Reputation: 59
I'm having trouble around reading from a text file into a String in Java. I have a text file (created in Eclipse, if that matters) that contains a short amount of text -- approximately 98 characters. Reading that file to a String via several methods results in a String that is quite a bit longer -- 1621 characters. All but the relevant 98 are invisible in the debugger/console.
I've tried the following methods to load the String:
apache commons-io:
FileUtils.readFileToString(new File(path));
FileUtils.readFileToString(new File(path), "UTF-8");
byte[] b = FileUtils.readFileToByteArray(new File(path);
new String(b, "UTF-8");
byte[] b = FileUtils.readFileToByteArray(new File(path);
Charset.defaultCharset().decode(ByteBuffer.wrap(bytes)).toString();
NIO:
new String(Files.readAllBytes(path);
And so on.
Is there a method to strip away these control chars? Is there a way to read files to strings that doesn't have this issue?

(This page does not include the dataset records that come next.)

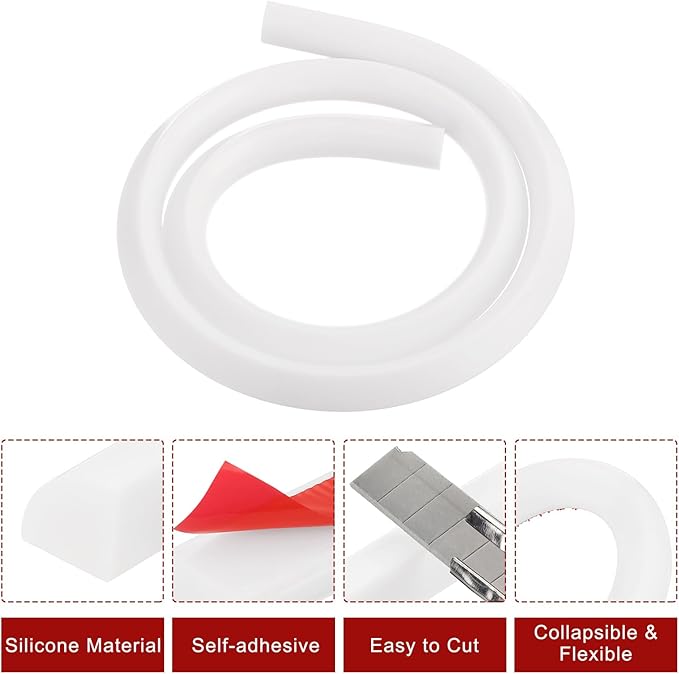 uxcell Flexible Molding Trim, 39 Inch Flexible Quarter Round Molding Silicone Peel and Stick Trim Self Adhesive Shower Water Barrier for Corner Decor Bathroom Kitchen, White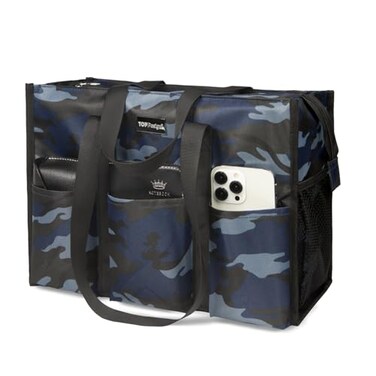 TOPDesign Utility Water Resistant Tote Bag with 13 Exterior Interior Pockets Top Zipper Closure Thick Bottom Support for Working Women Teachers Nurses Accountants Blue Camouflage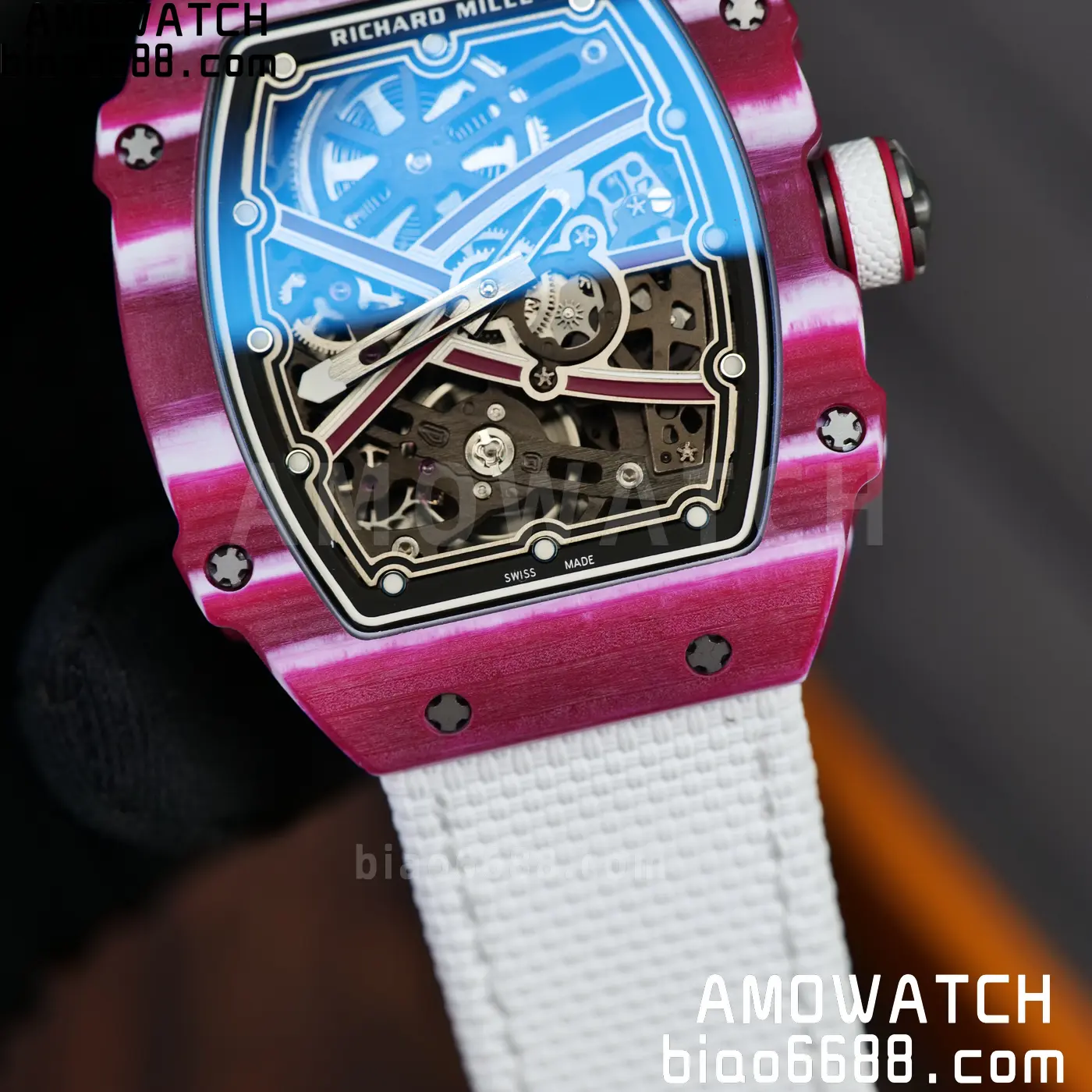 RICHARD MILLE RM67-02 Red NTPT Best Edition Qatar Dial on White Nylon strap CRMA7 Clone V10 112 dbbf19a987728b9 AMO Watch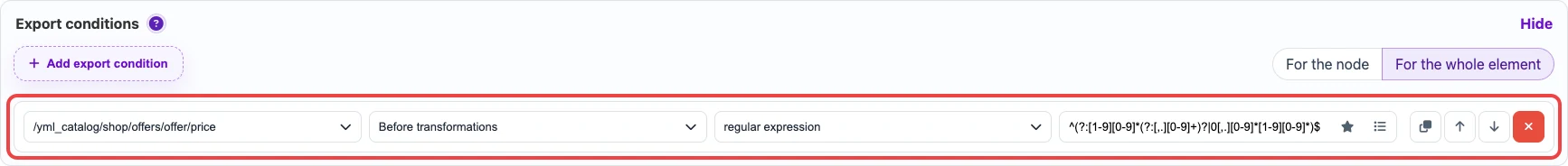 Export condition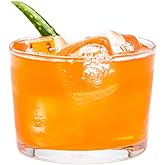 Restaurantware Sumi 7.5 Ounce Rocks Glasses Set of 6 Fine-Blown Lowball Glasses - Tempered Dishwasher-Safe Glassware Clear Gl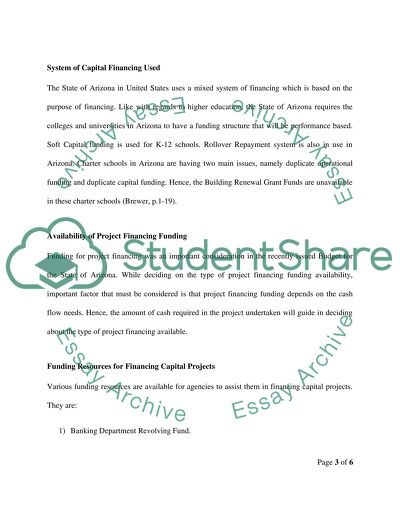 Capital Financing for the state of Arizona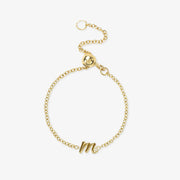 LOVE LETTER - 18ct gold, adjustable initial chain ring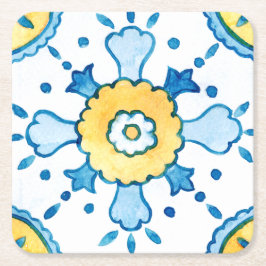 Aquarellblau und gelb marokkanisches Fliesenmuster Rechteckiger Pappuntersetzer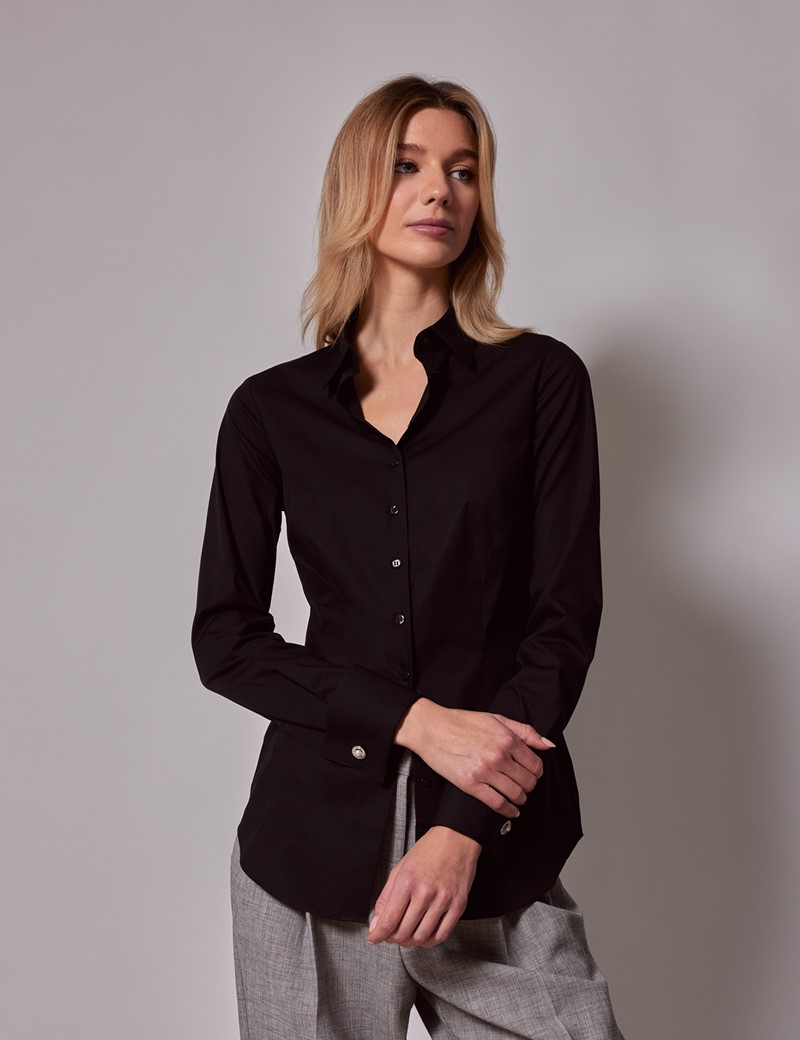 Women's Black Fitted Cotton Stretch Shirt - Double Cuffs | Hawes & Curtis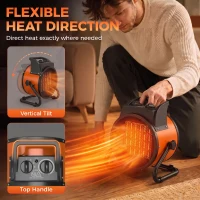 Outsunny Industrial Fan Heater 2800W with Tilting, Electric Ceramic Space Heater with Adjustable Thermostat, Handle(m-6)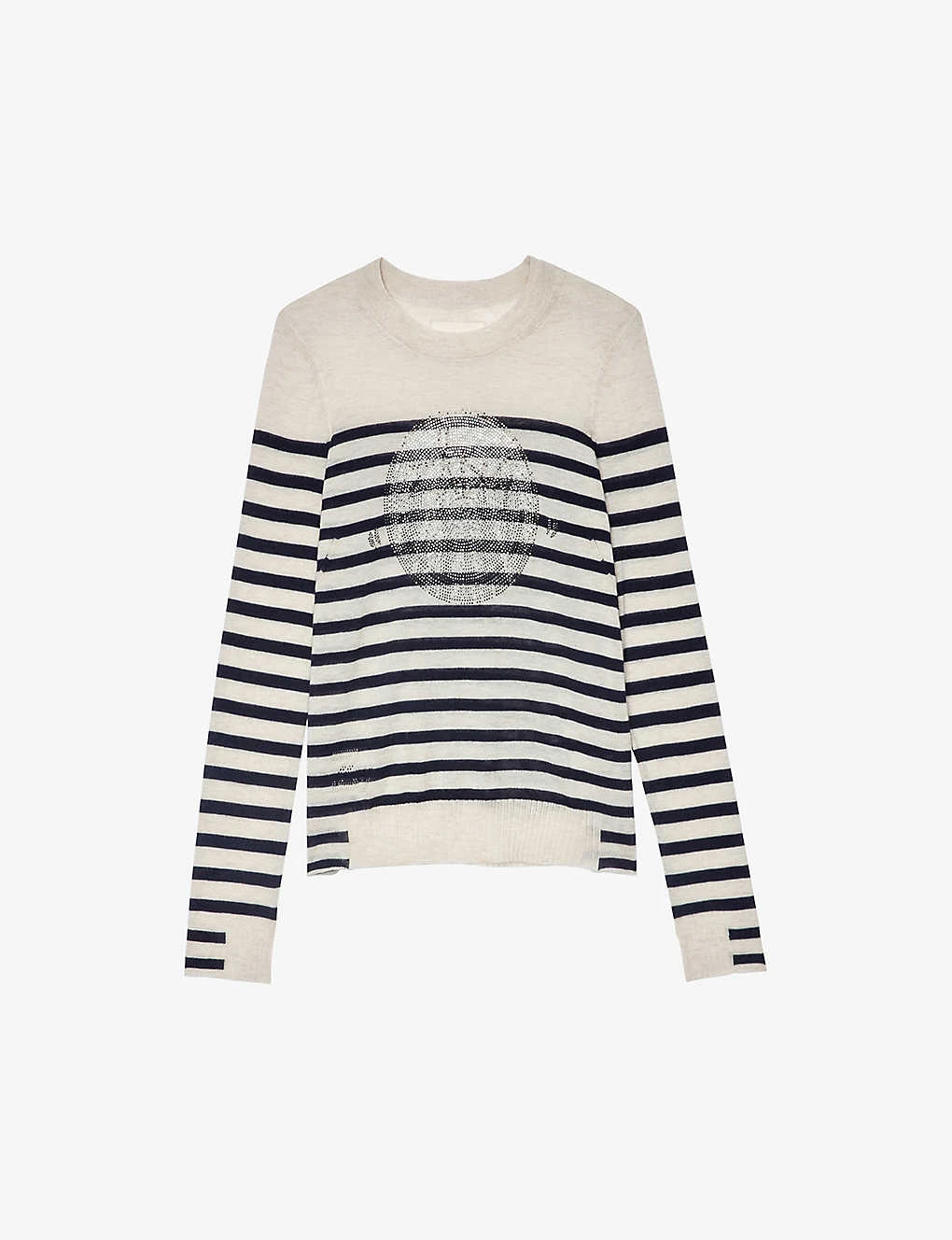 Zadig & Voltaire Source Crystal-embellished Striped Cashmere Jumper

As noted in the comments below, this behavior is due to a corrupted(?) file generated by Eclipse. I'd still be interested in hearing any strategies for trimming away control characters from Strings, though!
Upvotes: 0
Views: 4048
Reputation: 424973
If you want to strip out all non-printable characters, try this
str = str.replaceAll("[^\\p{Graph}\n\r\t ]", "");
The regex matches all "invisible" characters, except ones we want to keep; in this case newline chars, tabs and spaces.
\p{Graph}
is a POSIX character class for all printable/visible characters. To negate a POSIX character class, we can use capital P
, ie P{Graph}
(all non-printable/invisible characters), however we need to not exclude newlines etc, so we need [^\\p{Graph}\n\r\t]
.
Upvotes: 4
Reputation: 30126
Read it line by line into a StringBuilder, and then convert it to a String:
StringBuilder sb = new StringBuilder();
BufferedReader file = new BufferedReader(new FileReader(fileName));
while (true)
{
String line = file.readLine();
if (line == null)
break;
sb.append(line+"\n");
}
file.close();
return sb.toString();
Upvotes: 0